You are viewing a plain text version of this content. The canonical link for it is here.
Posted to dev@flume.apache.org by Juhani Connolly <ju...@cyberagent.co.jp> on 2013/09/02 07:00:20 UTC
Scaling hdfs writes when dealing with large numbers of files

Hey guys, trying to figure out an approach around what I personally feel 
is a bit of an abuse of the system, would appreciate your input, and 
perhaps can come up with a solution to share with others.

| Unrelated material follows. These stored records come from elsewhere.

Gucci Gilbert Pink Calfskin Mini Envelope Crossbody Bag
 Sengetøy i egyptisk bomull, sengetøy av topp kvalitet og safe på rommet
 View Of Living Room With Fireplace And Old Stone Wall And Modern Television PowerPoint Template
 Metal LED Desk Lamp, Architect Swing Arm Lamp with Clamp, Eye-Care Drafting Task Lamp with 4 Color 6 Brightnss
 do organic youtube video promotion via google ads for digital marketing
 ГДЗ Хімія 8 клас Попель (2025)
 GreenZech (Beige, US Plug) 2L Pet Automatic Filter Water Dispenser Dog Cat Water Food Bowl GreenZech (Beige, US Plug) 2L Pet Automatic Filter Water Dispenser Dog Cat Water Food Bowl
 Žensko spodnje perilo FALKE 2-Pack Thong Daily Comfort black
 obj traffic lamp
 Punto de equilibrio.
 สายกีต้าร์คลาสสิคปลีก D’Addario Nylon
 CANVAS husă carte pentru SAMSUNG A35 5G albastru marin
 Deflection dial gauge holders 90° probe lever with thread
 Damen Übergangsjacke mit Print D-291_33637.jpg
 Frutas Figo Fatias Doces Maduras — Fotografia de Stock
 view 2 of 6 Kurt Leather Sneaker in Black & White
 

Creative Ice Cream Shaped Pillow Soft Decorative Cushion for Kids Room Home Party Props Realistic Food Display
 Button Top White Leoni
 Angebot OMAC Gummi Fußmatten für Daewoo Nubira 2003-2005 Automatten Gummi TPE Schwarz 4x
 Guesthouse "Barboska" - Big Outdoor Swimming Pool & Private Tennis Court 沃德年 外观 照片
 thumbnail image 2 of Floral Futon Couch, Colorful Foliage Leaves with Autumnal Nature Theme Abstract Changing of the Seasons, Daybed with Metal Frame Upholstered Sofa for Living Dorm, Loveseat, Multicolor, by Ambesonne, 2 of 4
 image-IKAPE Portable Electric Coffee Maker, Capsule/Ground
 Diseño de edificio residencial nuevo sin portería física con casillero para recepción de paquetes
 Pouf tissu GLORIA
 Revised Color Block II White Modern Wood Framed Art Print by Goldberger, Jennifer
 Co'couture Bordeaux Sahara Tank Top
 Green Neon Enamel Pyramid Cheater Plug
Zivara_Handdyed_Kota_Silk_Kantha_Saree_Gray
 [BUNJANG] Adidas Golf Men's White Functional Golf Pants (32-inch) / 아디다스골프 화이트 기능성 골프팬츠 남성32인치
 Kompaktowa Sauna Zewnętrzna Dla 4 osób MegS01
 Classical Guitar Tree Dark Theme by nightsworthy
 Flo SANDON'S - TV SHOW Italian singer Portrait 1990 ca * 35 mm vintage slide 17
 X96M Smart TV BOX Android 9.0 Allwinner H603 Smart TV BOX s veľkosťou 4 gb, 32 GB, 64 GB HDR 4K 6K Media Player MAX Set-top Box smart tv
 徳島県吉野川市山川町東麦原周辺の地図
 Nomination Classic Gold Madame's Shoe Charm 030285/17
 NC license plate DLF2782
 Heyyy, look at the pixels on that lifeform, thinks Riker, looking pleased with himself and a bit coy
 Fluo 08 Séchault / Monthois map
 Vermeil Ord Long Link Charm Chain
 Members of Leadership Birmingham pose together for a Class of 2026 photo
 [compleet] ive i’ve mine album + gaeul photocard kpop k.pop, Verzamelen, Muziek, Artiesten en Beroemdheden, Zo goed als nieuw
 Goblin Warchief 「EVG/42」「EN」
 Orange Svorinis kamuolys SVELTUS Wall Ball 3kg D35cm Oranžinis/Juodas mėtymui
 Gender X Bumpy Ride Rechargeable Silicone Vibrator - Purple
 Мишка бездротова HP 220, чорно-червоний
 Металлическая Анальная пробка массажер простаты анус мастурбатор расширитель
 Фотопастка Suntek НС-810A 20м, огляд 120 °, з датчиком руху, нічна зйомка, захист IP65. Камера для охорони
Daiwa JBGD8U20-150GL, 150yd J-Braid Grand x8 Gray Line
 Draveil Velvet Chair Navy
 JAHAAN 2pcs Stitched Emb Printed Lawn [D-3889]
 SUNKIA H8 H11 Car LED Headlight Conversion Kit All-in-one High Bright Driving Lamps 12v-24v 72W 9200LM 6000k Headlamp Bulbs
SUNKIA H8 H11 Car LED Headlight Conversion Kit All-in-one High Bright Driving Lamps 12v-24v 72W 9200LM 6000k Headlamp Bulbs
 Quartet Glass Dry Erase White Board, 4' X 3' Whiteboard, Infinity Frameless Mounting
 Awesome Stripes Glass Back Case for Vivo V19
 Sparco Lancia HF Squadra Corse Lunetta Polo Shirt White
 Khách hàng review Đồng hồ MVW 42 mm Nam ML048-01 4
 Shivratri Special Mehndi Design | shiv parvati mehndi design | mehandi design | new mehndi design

Short version, see below for detail:
Lot's of files being simulataneously written. Number of connections from 
each data path is defined by path file no * sink no, with a lot of files 
this will cause even increasing from 2->3 hdfs sinks to not scale even 
though nothing(flume aggregators or HDFS datanodes) is fully loaded. 
Experimenting with alternate configs, increasing data paths thus 
reducing files per path, allowing 2 sinks per path has shown the number 
of connections up are causing this, but what exactly might be causing 
the bottleneck and is there a way to get rid of it?

Long version:
We've lately been running into somewhat interesting issues with 
performance seemingly capped by the number of hdfs connections that are 
up. This is due to the very significant number of different files that 
are being streamed simultaneously.

I have serious doubts about the viability of the approach and have 
suggested storing files together and post-processing but at the moment 
this appears not to be a possibility, so I'm looking for alternate 
approaches to allow scaling of throughput.

Some basic stats: on each aggregator node we have roughly 2,500 files 
being written to every hour, and a bit over 25,000,000 lines in that 
period of time. Approx 10k events per second. There are multiple 
aggregators writing to the same hdfs though each one writes to separate 
files from one another.

Originally we were scaling individual aggregator nodes by increasing the 
HDFS sink count, but this wasn't giving any increases beyond the second 
node, despite the results from Mike Percy's 
tests(https://cwiki.apache.org/confluence/display/FLUME/Flume+NG+Syslog+Performance+Test+2012-04-30). 
By increasing sinks we were also increasing the number of hdfs 
connections for every single file, hitting some kind of 
bottleneck(datanode transfer threads? Considering each has 4k and there 
are a lot more datanodes than aggregators, there should be plenty 
available).

Afterwards, splitting incoming data into multiple paths(separate sources 
and sinks) allowed each path to have two sinks and thus scales our 
throughput by increasing the number of sinks without increasing the 
connections(because each sink was only handling a fraction of the 
filepaths). Now a single node has 5 avro sources set up with a file 
channel and 2 sinks attached to each. With all of the transfer 
threads(resulting from all the different files), each node has about 
4000 threads running though at peak it can be double that.

So we have a rough idea of what is wrong(too many connections are 
hitting some kind of bottleneck) but can't track any exact cause(neither 
the aggregators nor datanodes are at full load, the only blocked waiting 
threads in flume are those waiting on HDFS). I personally feel we just 
need to reduce the number of files being simultaneously written since 
HDFS isn't really made to deal with such small files, and batches are 
not getting efficiently processed(waiting on dozens, possible hundreds 
of small transfers before being able to commit). That being said, can 
anyone provide specific insight into what may cause the bottleneck at 
high connection numbers, and if there are ways around it(other than 
reducing file counts and proportion of files to each sink which I'm 
already pushing for)?